When facilitators continue to maintain control and ‘hold the structure’, these skills can never be fully mastered by users as they continue to wait for the facilitator to tell them what to do next. Whereas the entire point of the simplicity of Liberating Structures is that everyone can use them. By indulging in their own desire to ‘try new structures’ or dazzle the group with amazing riffs and mashups of Liberating Structures, facilitators may actually be preventing users from becoming skilled at them themselves.
“By indulging in their own desire to ‘try new structures’ or dazzle the group with amazing riffs and mashups of Liberating Structures, facilitators may actually be preventing users from becoming skilled at them themselves.“
So while it’s wonderful that so many facilitators flock to Liberating Structures, myself included, we should be wary of blocking the ability of users to learn the skill of each Liberating Structure. You can’t truly learn a language when someone keeps feeding you the words. Although facilitators may act as initial training wheels, their purpose should be first-and-foremost to help users do it without them. Otherwise, the kind of deep thinking and profound interaction made possible by Liberating Structures are reserved for those opportunities when a facilitator is present. And even then, the depth of the conversation will be limited by the skill of the facilitator.

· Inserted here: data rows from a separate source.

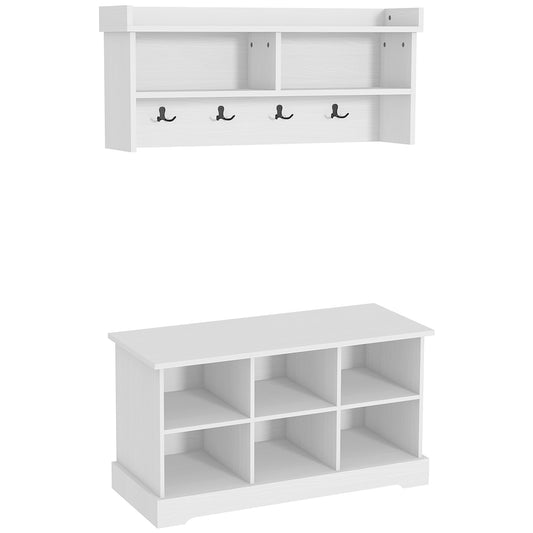 Coat Rack Shoe Bench Set Entryway 8 Cubbies 4 Hooks Hallway Living Room Bedroom White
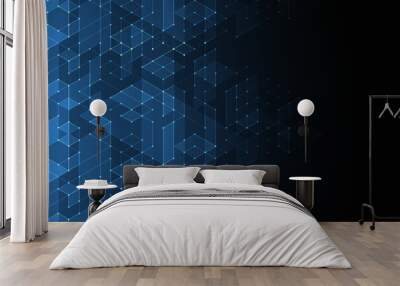 Vector illustration. Digital technology and engineering isometric background. Wall mural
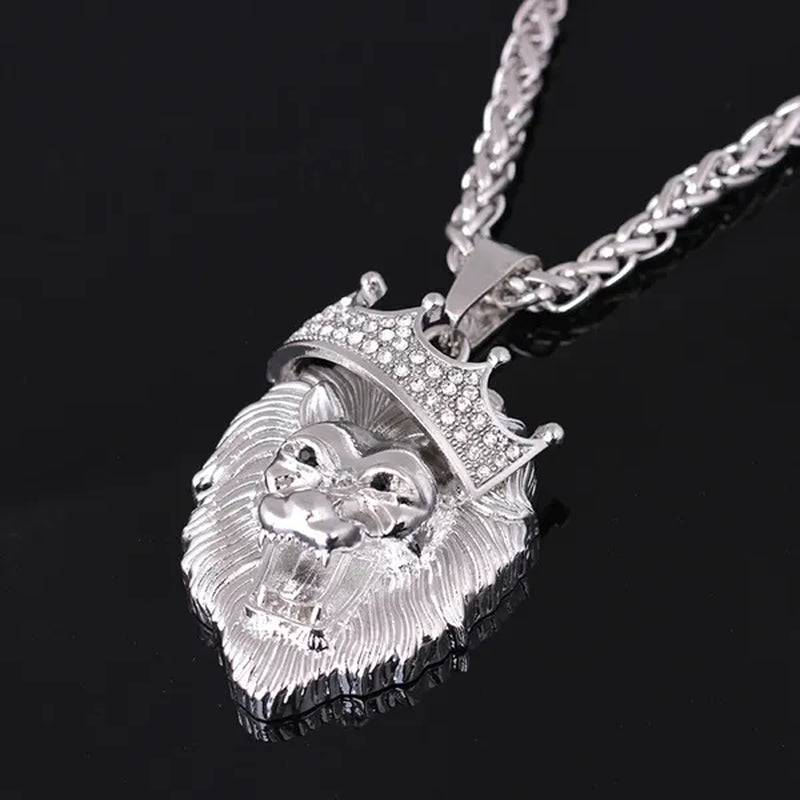 Titanium Steel Diamond Crown Lion Head Necklace Hip Hop Luminous Necklace Men's Gold-plated Punk Party Pendant Necklace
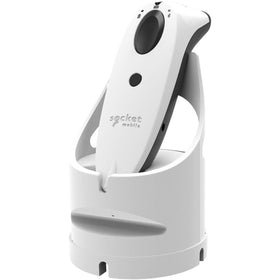 Socket Mobile dock with 600 series scanner seated in profile, magnets align and secure device reliably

So what can we do? The following ideas emerged during and after the gathering
- Rely on the foundational structures for most of the interactions: 1–2–4-ALL, Impromptu Networking, Nine Whys, Wicked Questions, Appreciative Interviews, TRIZ, 15% Solutions, Troika Consulting and What, So What, Now What. These structures are so versatile that they can be used in every situation;
- From the outset, explain Liberating Structures for users to acquire instead of a technique from the toolbox of the facilitator. By understanding it as a skill — much like communication skills — it makes sense to practice, repeat, feel awkward and make mistakes;
- “Repetition is also a form of learning”. Instead of designing strings of many different structures, there is power in repetition. Do Impromptu Networking multiple times to go deeper or further;
- Although an explanation of the steps is helpful for the first couple of times, gradually decrease the verbosity to the point where groups know how to use a structure on their own. The role of a facilitator can be limited to maintaining timeboxes, although even that can be done with a simple timer that visible to all;
- Stop using complicated riffs, variations, and mash-ups for groups that are mostly new to Liberating Structures and focus instead on making sure that core structures are practiced and repeated;
- Stop indulging as a facilitator by over-complicating designs or by proudly showcasing how many Liberating Structures can you squeeze into each other. It’s not about you (or me);
In this post, I offered a different perspective on what Liberating Structures are. Rather than understanding them as tools for facilitators, I now find it helpful to understand them as skills for users. Instead of facilitation methods, Liberating Structures are more like communication skills. And just like learning how to give feedback, ask questions and actively listen, it takes time for groups to become comfortable with Liberating Structures. So instead of falling into the trap of making it more about the facilitator, start simple, practice and repeat. When people start building the skill to use each Liberating Structure on their own, you’ll start seeing their true power.